The cops came. When the investigation was done, Salt Lake County Deputy Phillip Vollmer wrote my wife a speeding citation even though she was only going 9 mph.
Before you get on Phil's case, I happen to agree with him - and I'm grateful. It's been two days since I tore the rain gutter off the back of the house while taking down the Christmas lights and my wife hasn't said a thing. You have no idea how good that feels.
Second, Phil happens to be right. Drivers are responsible to take road conditions into account. It doesn't matter that a speed limit sign says 40 mph if the weather is saying "Stay the hell home."
Besides, it was only a warning ticket.
Since it is still winter and my turn to do something expensive, I decided to get some training on how to avoid it.
The Winter Driving Academy at Miller Motorsports Park's Performance Training Center in Tooele County is a good place to start. On Thursday, I drove out there (successfully) and studied winter driving under professional race drivers.
The instructors had their work cut out for them. As an average Utah motorist, I am damn dangerous even on a clear day. Factor in a bag of Doritos and some Pink Floyd and it's amazing that I actually make it out of the driveway alive.
Professional driver Dan McKeever taught the classroom portion. I disagreed with almost everything he said, probably because I didn't understand much of it.
For example, Dan told us that the first issue in winter driving is speed. I tried to argue that the first issue was actually winter, but he politely ignored me. Then he said (with a perfectly straight face) that the key to avoiding crashes was to think ahead.
Dan is new to Utah. He doesn't know yet that a Utah driver is incapable of thinking any further ahead than his or her eyebrows. There was some other stuff involving math that I got wrong or didn't get at all. Fortunately, by then it was time to go drive.
My personal instructor in the skid car was another race driver, James Burke. Whereas Dan talked over my head, James spoke straight at my face but I only got about every 11th word. He's from England and talks exactly like Brad Pitt in the movie "Snatch."
James gave a brief lecture on proper hand positioning. Never cross your arms over the air bag spot unless you want your arms stuffed into your nose up to your elbows. Good advice.
A skid car looks like a normal car built into a furniture dolly. Extending out from the factory wheels is another set of wheels used to hydraulically lift the car in order to simulate winter conditions.

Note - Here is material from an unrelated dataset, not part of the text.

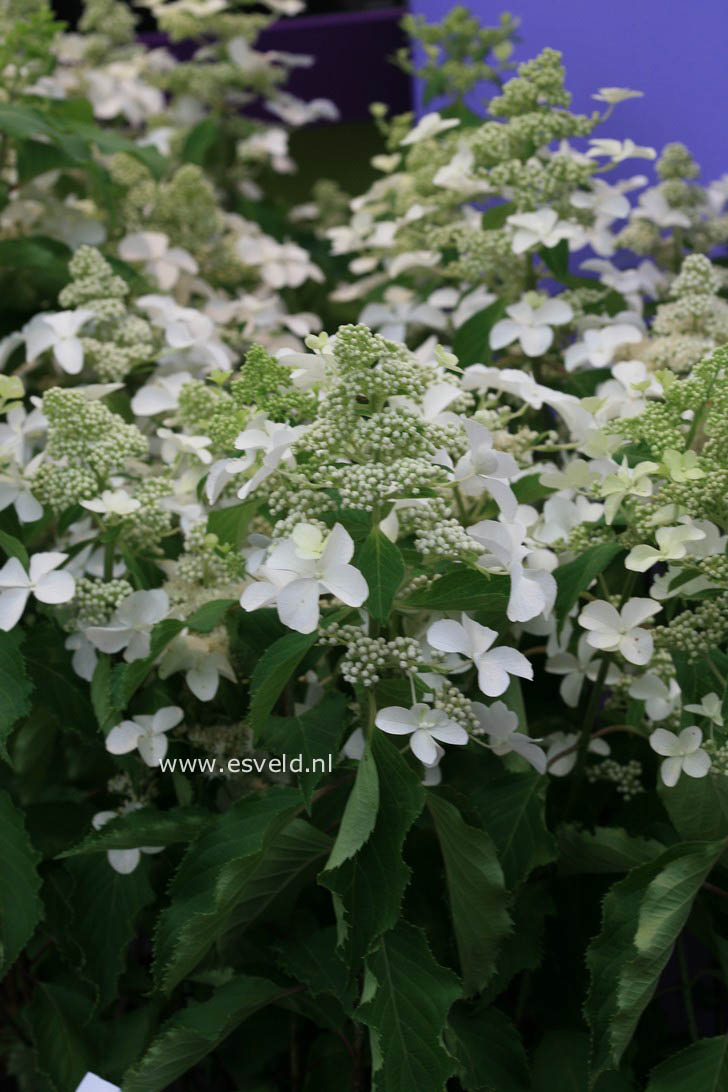 Hydrangea paniculata 'Cov' (LEVANA)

Using a control box in the front seat, James could lift the back end of the car until the regular tires barely touched the ground. The back end would whip around fast enough for us to read the rear license plate in the mirror.
When the front end was lifted, the curves instantly got straight. The steering wheel became little more than a tire swing onto which was clamped a badly frightened ape, or the typical winter commuter along the Wasatch Front.
We practiced "understeering" and "oversteering" through a course of turns laid out with orange traffic cones. If the cones were intended to simulate pedestrians, I ran over the entire population of Los Angeles.
The only way I can describe oversteering is that it'll make you barf if you do it more than twice. Apparently nausea is an important learning tool at the Miller Sportspark Winter Driving Academy.
James and Dan had a lot of patience or nothing else to do. After an hour, it actually seemed I was starting to get it. They were so pleased with my progress that they offered to call a cab to take me home.